What a great post. And what a perfect poem for where I find myself lately. Thank you for your transparency and thoughtfulness.

Posted by: Grace on October 3, 2005 11:31 AM

the poem is beautiful thanks for sharing.

Posted by: alex on October 3, 2005 12:58 AM

Thank you for the poem...amazing how well it describes the place I am at right now. To quote my Rob Brezney horoscope this week "The paradoxical truth is that the best strategy for finding your way out of the fog is to enjoy the fog." So here I am trying to enjoy the fog.

Posted by: Dominique on October 2, 2005 07:34 PM

Your blog is inspiring . . .

Your ideas list is really imaginative. Life's as exciting as we make it - you can lose lose sight of this - but don't worry, life is very forgiving.

Thanks

Posted by: Kieran on October 2, 2005 06:38 PM

I enjoy reading your blog and its always nice to read about an artist who is making a living at what they do. So many people think that it can't be done and I am so glad that you are proof that it can be done!

Love your observations about life when at one moment you feel at your best and then the next moment you feel at your worse - and you're right - a balance does have to be found

Posted by: Rose on October 2, 2005 03:33 PM

I like to say I became a "woman" in joshua tree when I was 25. The Joshue tree is kind of like my Buddha tree. After a long road trip and much soul searching, I became a whole person sitting under a joshua tree. I knew that wherever life took me, I was going to be ok. It was an unexpectedly wonderful experience that will never leave me. It is an amazing place.

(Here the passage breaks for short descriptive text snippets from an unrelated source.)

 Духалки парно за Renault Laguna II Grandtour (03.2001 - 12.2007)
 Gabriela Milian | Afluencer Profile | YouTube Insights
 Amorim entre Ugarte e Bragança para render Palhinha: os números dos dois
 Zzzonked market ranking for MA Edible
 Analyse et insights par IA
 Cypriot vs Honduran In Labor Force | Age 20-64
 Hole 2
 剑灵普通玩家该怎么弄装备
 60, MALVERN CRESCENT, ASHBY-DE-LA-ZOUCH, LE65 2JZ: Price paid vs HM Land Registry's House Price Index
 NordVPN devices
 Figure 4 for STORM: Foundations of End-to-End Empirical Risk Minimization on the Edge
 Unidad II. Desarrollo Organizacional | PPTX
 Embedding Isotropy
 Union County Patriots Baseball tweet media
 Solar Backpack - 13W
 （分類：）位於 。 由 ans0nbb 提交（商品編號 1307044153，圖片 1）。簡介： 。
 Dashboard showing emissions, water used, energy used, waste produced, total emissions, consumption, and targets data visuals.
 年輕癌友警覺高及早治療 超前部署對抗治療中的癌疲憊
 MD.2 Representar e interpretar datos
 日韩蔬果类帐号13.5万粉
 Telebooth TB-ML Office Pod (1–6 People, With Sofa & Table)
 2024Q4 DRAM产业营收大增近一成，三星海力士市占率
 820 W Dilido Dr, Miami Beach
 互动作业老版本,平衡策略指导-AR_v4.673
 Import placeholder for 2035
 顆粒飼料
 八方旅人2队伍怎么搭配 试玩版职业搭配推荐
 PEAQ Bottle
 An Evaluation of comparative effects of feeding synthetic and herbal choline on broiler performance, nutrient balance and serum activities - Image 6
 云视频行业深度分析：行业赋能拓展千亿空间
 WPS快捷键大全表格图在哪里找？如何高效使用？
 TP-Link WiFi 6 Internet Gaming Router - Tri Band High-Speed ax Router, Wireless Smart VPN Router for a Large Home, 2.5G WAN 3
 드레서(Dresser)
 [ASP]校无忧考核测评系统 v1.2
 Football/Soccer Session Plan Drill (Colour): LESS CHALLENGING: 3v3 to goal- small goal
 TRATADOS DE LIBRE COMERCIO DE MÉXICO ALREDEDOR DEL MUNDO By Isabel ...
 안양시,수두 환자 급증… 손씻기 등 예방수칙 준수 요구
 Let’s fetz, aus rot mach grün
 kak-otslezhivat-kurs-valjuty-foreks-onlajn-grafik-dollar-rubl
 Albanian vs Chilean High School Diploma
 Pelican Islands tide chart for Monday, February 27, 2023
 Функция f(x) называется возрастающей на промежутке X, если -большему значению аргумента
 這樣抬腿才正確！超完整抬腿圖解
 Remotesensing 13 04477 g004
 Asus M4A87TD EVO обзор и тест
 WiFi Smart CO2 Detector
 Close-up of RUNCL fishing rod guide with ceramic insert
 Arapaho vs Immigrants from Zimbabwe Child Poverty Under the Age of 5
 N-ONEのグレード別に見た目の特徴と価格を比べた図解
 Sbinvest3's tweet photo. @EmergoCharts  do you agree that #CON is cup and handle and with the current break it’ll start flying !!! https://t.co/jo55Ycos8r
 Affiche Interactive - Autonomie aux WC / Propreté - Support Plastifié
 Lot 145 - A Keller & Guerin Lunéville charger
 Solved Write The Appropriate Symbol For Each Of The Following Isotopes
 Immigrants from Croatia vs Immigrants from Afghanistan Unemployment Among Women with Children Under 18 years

Posted by: alanna on September 30, 2005 06:44 PM

Don't you just love Joshua Tree?? :)

Posted by: joleen on September 30, 2005 12:40 PM

Hi Keri! I've been reading your inspiring blog for months, actually years, now. I don't know if you remember this but two years ago, shortly after I moved to U.S., you sent me an email, reassuring me that my new life here would be great, that I would make friends and perhaps find a new path here. Well, you were right! When I was ready and open for everything new here in NJ, I met terrific people, made friends and now I'm painting and teaching art to children (both of which I previously thought I couldn't do). Thank you for that email. I really needed to hear that. And now you are here in the U.S.! I'm so excited for you! It IS good to shake up one's life (move to a different country), to go on an adventure (stargazing in Joshua Tree) and to take a leap into new, unknown territory (a new, bigger market). This can definitely be scary and there are moments when you may feel overwhelmed, wondering if you've made the right decision, but remember that you are a super-talented artist AND you're a level-headed woman with a vision. Your new Life will be GREAT!

Posted by: susanna on September 29, 2005 12:59 PM

Oh no ... you mean the ebb and flow of confidence, financial fears, etc., don't go away after a while ... like after you've been published, etc.? Ugh, there goes my little fantasy, delusional though it was.

Thanks Keri ... loved this post. I can totally relate. Thank you for sharing your reality with us.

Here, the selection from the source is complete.